Помню, я как-то и сам был на Ярмарке, на званом вечере. Я заметил среди гостей старую мисс Тодди, обращавшую на себя внимание тем, как она лебезила и заискивала перед маленькой миссис Брифлес, женой адвоката, которая, правда, очень хорошего рода, но, как нам всем известно, бедна до того, что уж беднее и быть нельзя. В чём же заключается, спрашивал я себя, причина такого раболепия? Получил ли Брифлес место в суде графства или его жене досталось наследство? Мисс Тодди сама рассеяла мои недоумения с той откровенностью, какая отличает её во всём.

— Видите ли, — сказала она, — миссис Брифлес приходится внучкой сэру Джону Рэдхенду, который так заболел в Челтнеме, что не протянет и полугода. Папаша миссис Брифлес вступает в права наследства, а следовательно, как вы сами понимаете, она станет дочерью баронета.

И Тодди пригласила Брифлеса с женой отобедать у неё на следующей же неделе.

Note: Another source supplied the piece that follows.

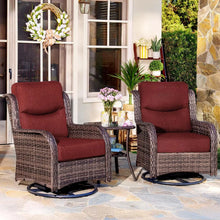 Luxury 3Piece Outdoor Wicker Patio Set with High Back Chairs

Если одна возможность стать дочерью баронета может доставить даме столько почестей в свете, то как же мы должны уважать скорбь молодой женщины, утративший случай сделаться женой баронета! Кто мог думать, что леди Кроули так скоро умрёт! «Она принадлежала к числу тех болезненных женщин, которые могут протянуть и добрый десяток лет, — размышляла про себя Ребекка. — А я могла бы стать миледи! Могла бы вертеть этим стариком, как мне заблагорассудится. Могла бы отблагодарить миссис Бьют за её покровительство и мистера Питта за его несносную снисходительность. Я велела бы заново обставить и отделать городской дом. У меня был бы самый красивый экипаж во всём Лондоне и ложа в опере. И меня представили бы ко двору в ближайшем же сезоне...». Всё это могло бы осуществиться, а теперь... теперь всё было полно сомнений и неизвестности.

Однако Ребекка была слишком решительной и энергичной молодой особой, чтобы долго предаваться напрасной печали о непоправимом прошлом. А потому, посвятив ему надлежащую долю сожалений, она благоразумно обратила всё своё внимание на будущее, которое в эту минуту было для неё много важнее, и занялась обзором своего положения и связанных с ним сомнений и надежд».

Отрывок из романа Уильяма Теккерея «Ярмарка тщеславия».